■ United Kingdom
Face transplants planned
Surgeons are preparing to carry out an unprecedented full face transplant operation next year after being granted ethical approval to actively seek patients. The 30-strong team headed by Peter Butler, a leading plastic surgeon at the Royal Free Hospital in Hampstead, London, was given the go-ahead by the hospital's bioethics committee on Thursday. The announcement follows the partial face transplant in France last month of a woman whose face was mutilated by a dog. The controversial operation has raised concerns, not least that some patients could suffer psychological trauma because their new appearance will resemble that of the donor.
■ Germany
Saluting pair arrested
Two women have been arrested for giving a Hitler salute and singing a neo-Nazi song to foreign tourists on their way to Sachsenhausen concentration camp museum, prosecutors said on Thursday. "The tour group was joined on a commuter train platform by two women who marched alongside them, sang the song White Aryan resistance and gave them the Hitler salute," the prosecutors office in Neuruppin said in a statement. The women, who were under the influence of alcohol at the time, were taken into police custody, the prosecutors said.
■ United Kingdom
Pole turns up in airport
An 84-year-old man, missing since he left home to ride his bike in the small town of Znin last week, has been found wandering around London's Heathrow airport, police said on Wednesday. "According to the family, he just took his bike and left," a police spokesman said. He said police had been searching for the man, identified as Ludwik Z, when they got a telegram from the Polish consulate in London informing them he was safe. "The family have been unable to explain how he got to London," the spokesman said.
■ Ireland
Chickens cause road chaos
A hazardous slick of broken eggs caused traffic chaos on Thursday after a truck carrying thousands of broody hens lost its load. "Chickens have begun to lay eggs on the roads and the conditions are quite treacherous at the moment, very slippy," AA Roadwatch said on its traffic advice line, warning up to 7,000 chickens were on the loose.

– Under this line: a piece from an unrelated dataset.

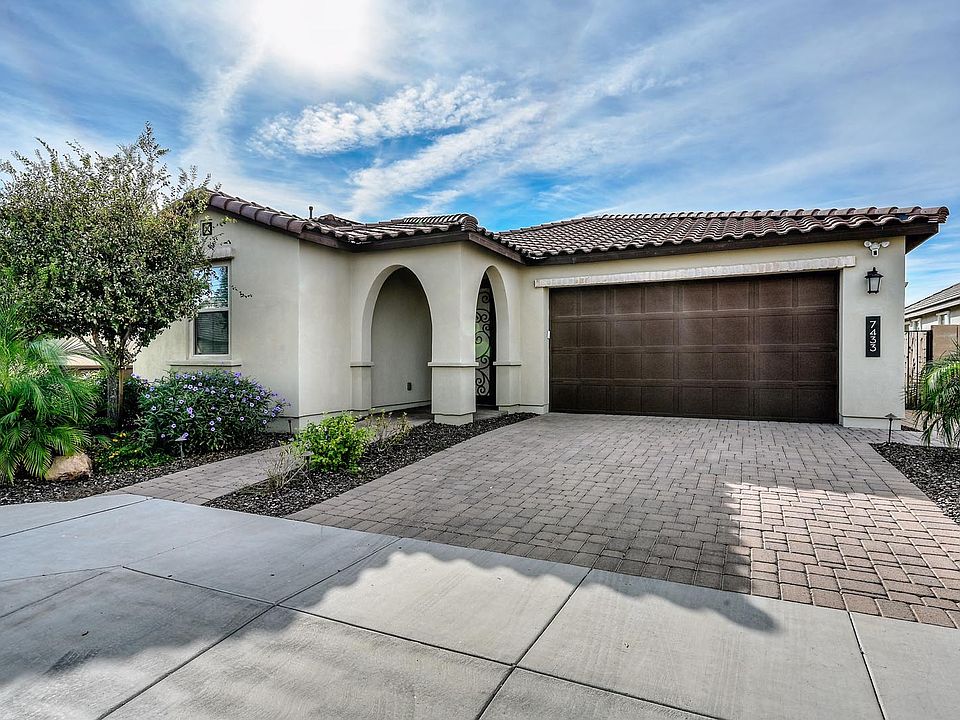 1st image of 7433 W Maya Way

Police said the vehicle carrying the birds may have hit a ditch, causing its boxes to "cascade off the lorry." "The lorry has been moved but the cargo is wandering around out there," Sergeant Jim Greene said, adding there were no human casualties. A team has been scrambled to help catch the birds, Greene said.
■ United Kingdom
Mistletoe running out
An outbreak of mistletoe rustling is threatening a Christmas kissing crisis, environmental experts said on Wednesday. The Wildlife Trusts said over-harvesting of the plant that only grows in the wild and is mainly found on old apple trees meant it was becoming increasingly rare. "Mistletoe is being taken in increasingly large quantities to be sold at markets to Christmas shoppers," said The Wildlife Trusts. "There are cases of mistletoe rustling, and once the whole plant has been removed from its host tree it won't grow back." The parasitic plant with white berries has been associated with fertility since the time of the ancient Druids and kissing under the mistletoe has long been a Christmas party tradition.
■ United States
Bush eyed in CIA scandal
US President George W. Bush was drawn directly into the CIA leak affair for the first time on Thursday after the journalist whose column prompted the investigation said the president knew who outed the undercover operative Valerie Plame. "I'm confident the president knows who the source is," the conservative columnist Robert Novak said in a speech earlier this week in Raleigh, North Carolina. The White House yesterday declined to respond to Novak's charges. "I don't know what he is basing it on," the White House press secretary, Scott McClellan, said.